■ The task:
Each line below has to be set down again exactly.

Caption-style text data:
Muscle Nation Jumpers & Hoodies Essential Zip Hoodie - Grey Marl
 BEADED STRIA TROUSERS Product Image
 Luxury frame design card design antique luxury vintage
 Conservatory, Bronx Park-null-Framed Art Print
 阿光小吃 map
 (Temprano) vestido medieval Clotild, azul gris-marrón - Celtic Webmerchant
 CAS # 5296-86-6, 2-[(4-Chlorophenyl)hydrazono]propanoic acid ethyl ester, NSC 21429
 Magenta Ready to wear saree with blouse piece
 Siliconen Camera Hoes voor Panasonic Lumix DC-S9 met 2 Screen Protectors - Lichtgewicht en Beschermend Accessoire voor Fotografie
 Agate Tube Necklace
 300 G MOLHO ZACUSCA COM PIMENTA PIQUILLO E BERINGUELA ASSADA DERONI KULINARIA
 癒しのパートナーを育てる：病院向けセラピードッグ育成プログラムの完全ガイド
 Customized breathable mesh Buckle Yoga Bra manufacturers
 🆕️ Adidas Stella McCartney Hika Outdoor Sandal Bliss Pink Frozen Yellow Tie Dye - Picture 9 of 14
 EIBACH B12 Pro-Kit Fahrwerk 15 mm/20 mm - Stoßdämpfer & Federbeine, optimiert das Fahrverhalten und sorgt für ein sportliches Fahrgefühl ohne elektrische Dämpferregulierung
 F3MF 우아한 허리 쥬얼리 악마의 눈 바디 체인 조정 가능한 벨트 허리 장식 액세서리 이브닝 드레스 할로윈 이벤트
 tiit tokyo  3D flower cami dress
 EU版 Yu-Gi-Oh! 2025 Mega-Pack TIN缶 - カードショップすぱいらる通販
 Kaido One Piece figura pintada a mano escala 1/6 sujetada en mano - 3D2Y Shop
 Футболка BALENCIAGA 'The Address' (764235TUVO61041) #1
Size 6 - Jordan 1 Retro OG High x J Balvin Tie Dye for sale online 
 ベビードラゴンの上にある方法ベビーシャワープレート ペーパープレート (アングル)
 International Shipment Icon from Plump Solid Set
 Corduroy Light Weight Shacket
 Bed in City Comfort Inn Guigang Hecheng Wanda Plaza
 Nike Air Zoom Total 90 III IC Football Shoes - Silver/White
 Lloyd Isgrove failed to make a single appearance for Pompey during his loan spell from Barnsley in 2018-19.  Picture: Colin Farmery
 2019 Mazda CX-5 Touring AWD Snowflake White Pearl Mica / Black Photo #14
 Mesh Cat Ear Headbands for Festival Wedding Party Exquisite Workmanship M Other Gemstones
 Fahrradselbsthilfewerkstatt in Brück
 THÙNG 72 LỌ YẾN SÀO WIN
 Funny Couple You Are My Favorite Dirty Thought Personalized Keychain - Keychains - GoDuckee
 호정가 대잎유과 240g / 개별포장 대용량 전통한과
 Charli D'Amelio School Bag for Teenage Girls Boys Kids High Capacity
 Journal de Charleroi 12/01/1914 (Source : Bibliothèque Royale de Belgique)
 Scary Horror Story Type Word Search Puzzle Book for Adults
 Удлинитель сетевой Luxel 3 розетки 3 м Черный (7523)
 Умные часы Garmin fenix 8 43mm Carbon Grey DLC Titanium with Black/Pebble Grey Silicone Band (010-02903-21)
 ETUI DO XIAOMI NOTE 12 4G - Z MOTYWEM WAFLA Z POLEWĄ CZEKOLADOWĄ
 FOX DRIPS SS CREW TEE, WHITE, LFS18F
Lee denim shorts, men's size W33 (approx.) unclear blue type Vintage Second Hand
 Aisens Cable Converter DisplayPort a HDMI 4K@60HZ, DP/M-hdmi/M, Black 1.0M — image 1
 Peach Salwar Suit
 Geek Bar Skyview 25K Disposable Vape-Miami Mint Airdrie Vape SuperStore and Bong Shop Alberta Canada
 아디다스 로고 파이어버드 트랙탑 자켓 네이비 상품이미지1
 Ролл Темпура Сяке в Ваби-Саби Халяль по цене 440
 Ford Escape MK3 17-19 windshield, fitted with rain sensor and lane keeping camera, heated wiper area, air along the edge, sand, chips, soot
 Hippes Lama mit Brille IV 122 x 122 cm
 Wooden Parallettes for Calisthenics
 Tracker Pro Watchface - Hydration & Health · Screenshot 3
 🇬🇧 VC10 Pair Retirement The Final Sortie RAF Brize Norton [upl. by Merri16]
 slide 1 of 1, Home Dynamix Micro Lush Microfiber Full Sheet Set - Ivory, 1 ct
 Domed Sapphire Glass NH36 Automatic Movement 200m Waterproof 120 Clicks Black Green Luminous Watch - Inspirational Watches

■ Solution to this problem:
Muscle Nation Jumpers & Hoodies Essential Zip Hoodie - Grey Marl
 BEADED STRIA TROUSERS Product Image
 Luxury frame design card design antique luxury vintage
 Conservatory, Bronx Park-null-Framed Art Print
 阿光小吃 map
 (Temprano) vestido medieval Clotild, azul gris-marrón - Celtic Webmerchant
 CAS # 5296-86-6, 2-[(4-Chlorophenyl)hydrazono]propanoic acid ethyl ester, NSC 21429
 Magenta Ready to wear saree with blouse piece
 Siliconen Camera Hoes voor Panasonic Lumix DC-S9 met 2 Screen Protectors - Lichtgewicht en Beschermend Accessoire voor Fotografie
 Agate Tube Necklace
 300 G MOLHO ZACUSCA COM PIMENTA PIQUILLO E BERINGUELA ASSADA DERONI KULINARIA
 癒しのパートナーを育てる：病院向けセラピードッグ育成プログラムの完全ガイド
 Customized breathable mesh Buckle Yoga Bra manufacturers
 🆕️ Adidas Stella McCartney Hika Outdoor Sandal Bliss Pink Frozen Yellow Tie Dye - Picture 9 of 14
 EIBACH B12 Pro-Kit Fahrwerk 15 mm/20 mm - Stoßdämpfer & Federbeine, optimiert das Fahrverhalten und sorgt für ein sportliches Fahrgefühl ohne elektrische Dämpferregulierung
 F3MF 우아한 허리 쥬얼리 악마의 눈 바디 체인 조정 가능한 벨트 허리 장식 액세서리 이브닝 드레스 할로윈 이벤트
 tiit tokyo  3D flower cami dress
 EU版 Yu-Gi-Oh! 2025 Mega-Pack TIN缶 - カードショップすぱいらる通販
 Kaido One Piece figura pintada a mano escala 1/6 sujetada en mano - 3D2Y Shop
 Футболка BALENCIAGA 'The Address' (764235TUVO61041) #1
Size 6 - Jordan 1 Retro OG High x J Balvin Tie Dye for sale online 
 ベビードラゴンの上にある方法ベビーシャワープレート ペーパープレート (アングル)
 International Shipment Icon from Plump Solid Set
 Corduroy Light Weight Shacket
 Bed in City Comfort Inn Guigang Hecheng Wanda Plaza
 Nike Air Zoom Total 90 III IC Football Shoes - Silver/White
 Lloyd Isgrove failed to make a single appearance for Pompey during his loan spell from Barnsley in 2018-19.  Picture: Colin Farmery
 2019 Mazda CX-5 Touring AWD Snowflake White Pearl Mica / Black Photo #14
 Mesh Cat Ear Headbands for Festival Wedding Party Exquisite Workmanship M Other Gemstones
 Fahrradselbsthilfewerkstatt in Brück
 THÙNG 72 LỌ YẾN SÀO WIN
 Funny Couple You Are My Favorite Dirty Thought Personalized Keychain - Keychains - GoDuckee
 호정가 대잎유과 240g / 개별포장 대용량 전통한과
 Charli D'Amelio School Bag for Teenage Girls Boys Kids High Capacity
 Journal de Charleroi 12/01/1914 (Source : Bibliothèque Royale de Belgique)
 Scary Horror Story Type Word Search Puzzle Book for Adults
 Удлинитель сетевой Luxel 3 розетки 3 м Черный (7523)
 Умные часы Garmin fenix 8 43mm Carbon Grey DLC Titanium with Black/Pebble Grey Silicone Band (010-02903-21)
 ETUI DO XIAOMI NOTE 12 4G - Z MOTYWEM WAFLA Z POLEWĄ CZEKOLADOWĄ
 FOX DRIPS SS CREW TEE, WHITE, LFS18F
Lee denim shorts, men's size W33 (approx.) unclear blue type Vintage Second Hand
 Aisens Cable Converter DisplayPort a HDMI 4K@60HZ, DP/M-hdmi/M, Black 1.0M — image 1
 Peach Salwar Suit
 Geek Bar Skyview 25K Disposable Vape-Miami Mint Airdrie Vape SuperStore and Bong Shop Alberta Canada
 아디다스 로고 파이어버드 트랙탑 자켓 네이비 상품이미지1
 Ролл Темпура Сяке в Ваби-Саби Халяль по цене 440
 Ford Escape MK3 17-19 windshield, fitted with rain sensor and lane keeping camera, heated wiper area, air along the edge, sand, chips, soot
 Hippes Lama mit Brille IV 122 x 122 cm
 Wooden Parallettes for Calisthenics
 Tracker Pro Watchface - Hydration & Health · Screenshot 3
 🇬🇧 VC10 Pair Retirement The Final Sortie RAF Brize Norton [upl. by Merri16]
 slide 1 of 1, Home Dynamix Micro Lush Microfiber Full Sheet Set - Ivory, 1 ct
 Domed Sapphire Glass NH36 Automatic Movement 200m Waterproof 120 Clicks Black Green Luminous Watch - Inspirational Watches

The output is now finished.